Okay, it's a bit of a heavy topic today - but at least I'm not going on about cash flow finance for once!
As the owner of a small business, and likely a sole director to boot, you will be aware of the importance of having at least some form of business insurance. And one of the most important documents you should have, I reckon, is key person insurance.
Although we like to believe that life is predictable and free of nasty surprises, the truth is that the unexpected can happen at any time.

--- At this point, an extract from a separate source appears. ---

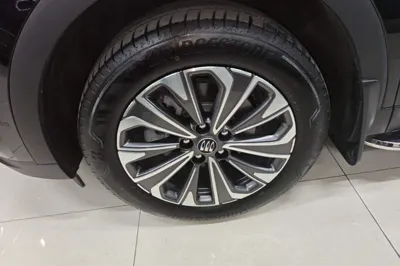Buick Envision 2025, 6200 км, за 23812 USD - фото 15
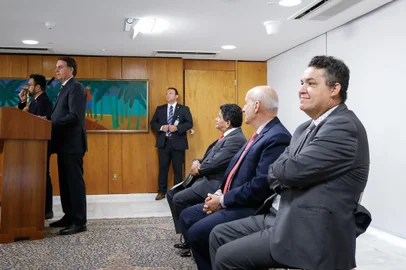 (Brasília - DF, 18/10/2019) Presidente da República, Jair Bolsonaro, durante reunião com Pastor Gilmar Santos, Presidente da Convenção Nacional de Igrejas e Ministros das Assembleias de Deus no Brasil Cristo Para Todos (CONIMADB).Foto: Carolina Antunes/PR<!-- NICAID(15129855) -->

In the unfortunate event of a business owner's death, the lives of colleagues and family can be turned upside down.
Key person insurance at least ensures that the business side of things are sorted out to an extent, meaning there's one less thing for loved ones to worry about.
Having this sort of insurance means that in the event of your death or disability, your business will have access to the funds it needs to carry on with as little disruption as possible - covering costs such as finding new employees, succession management and generally protecting your small business finance.
To be completely honest, I've been a bit reluctant to do this so far, but my bank insists that I at least keep a written document that outlines what happens in the event of my death (fingers crossed that document won't ever have to be used!).
Whether in the form of comprehensive business or life insurance or a will, it's essential you have some sort of contingency plan in place. It's certainly great to be the sole director of a business since you don't have to share profits, but that just makes it even more important to stay prepared for the worst.
Wishing you all the best for your week in business.